30 October 2015

Reform of Dispute Resolution Processes in India

This article considers changes brought about by two Ordinances recently promulgated by the President of India: (i) the Arbitration Ordinance which amends the Indian Arbitration Act; and (ii) the Commercial Courts Ordinance, which provides for the establishment of Commercial Courts across India.  Their aim is to provide for a more efficient process for international parties to resolve their disputes with Indian entities.  However, their effect in practice remains to be seen.

One of the key frustrations for international parties who are drawn into disputes with Indian entities is the pace of the onshore dispute resolution process, both in terms of arbitrations seated in India as well as proceedings before the Indian courts.  Indeed the latest World Bank survey on Doing Business 2016 ranks India 178th on ease of enforcement of contracts, largely on account of delays.[1]  Two recent Ordinances aim to create a more efficient environment for dispute resolution in India.

On 23 October 2015, the President of India promulgated the Arbitration and Conciliation (Amendment) Ordinance, 2015 (the Arbitration Ordinance), which amends the Indian Arbitration and Conciliation Act 1996 (the 1996 Act).[2]  This follows a protracted period of discussion about potential amendments to the 1996 Act in light of confusing and often conflicting judicial interpretations.  The main thrust of the amendments is to attempt to provide for a quicker process in respect of arbitrations seated in India and to limit the scope of interference with foreign arbitration proceedings and awards.

On the same date, another ordinance – called the Commercial Courts, Commercial Division and Commercial Appellate Division of High Courts Ordinance, 2015 (the Commercial Courts Ordinance) – was also promulgated.  The Commercial Courts Ordinance seeks to expedite the resolution of commercial disputes over a specified value, including matters relating to arbitrations, by setting up specialised commercial courts with an amended Code of Civil Procedure applying and experienced judges presiding.

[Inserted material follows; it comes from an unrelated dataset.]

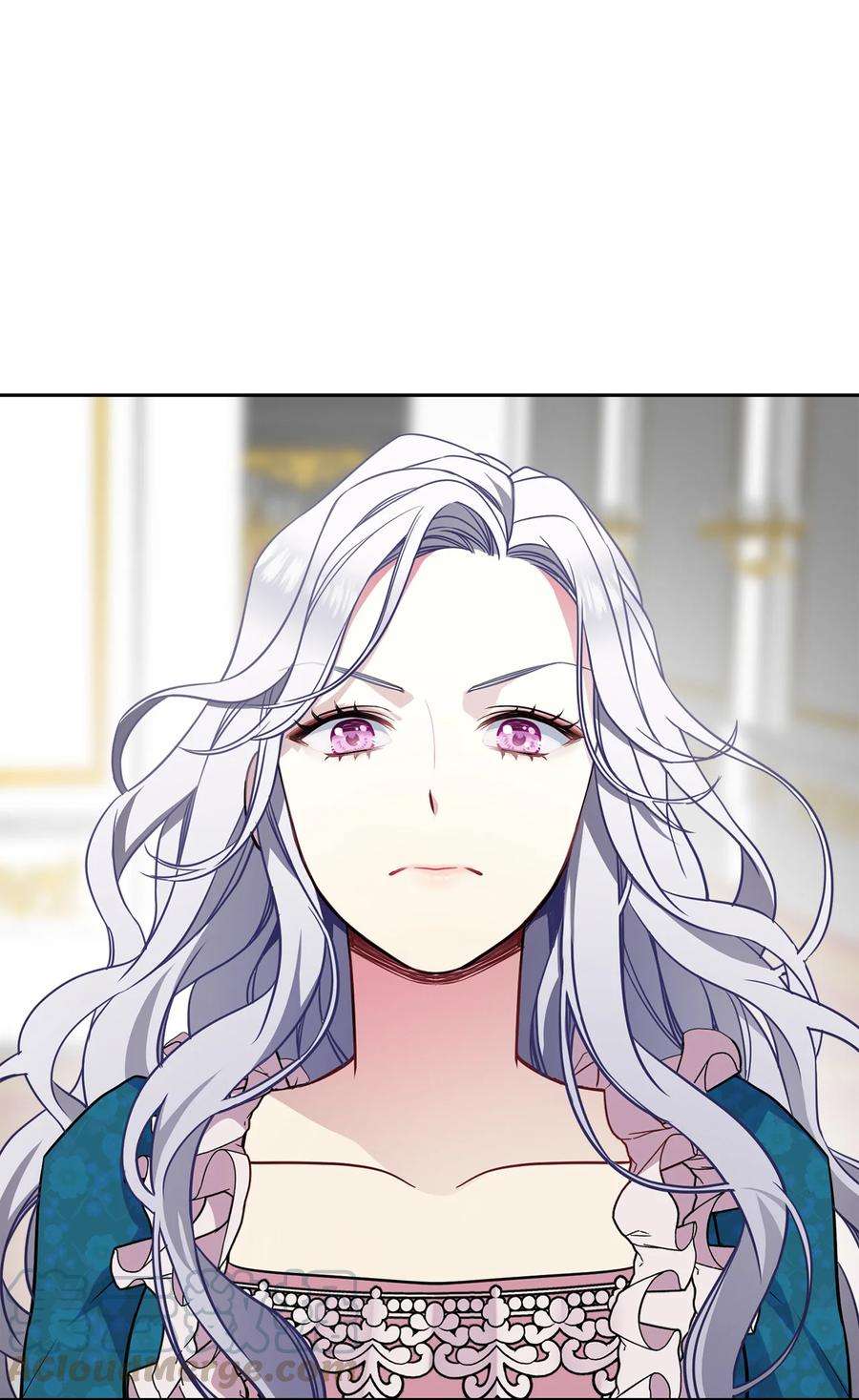 我是继母，但是女儿太可爱了05 关系的进步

The long-awaited amendments to the Arbitration Act and the establishment of specialised courts represent a major step in a positive direction and reflect the Government’s desire to increase confidence in dispute resolution in India.  In principle, the changes do provide for a more efficient and effective avenue for foreign investors to resolve their disputes with Indian counterparties.  As a result they are likely to be widely welcomed.  However, whether the changes are effective in practice will of course depend on the approach to implementation in India.

In this bulletin we discuss the reforms which are likely to be of interest to international parties investing in India.  We conclude by recommending that, for high value contracts in particular, it remains preferable for foreign parties to refer disputes to arbitration outside India rather than rely on the domestic dispute resolution process.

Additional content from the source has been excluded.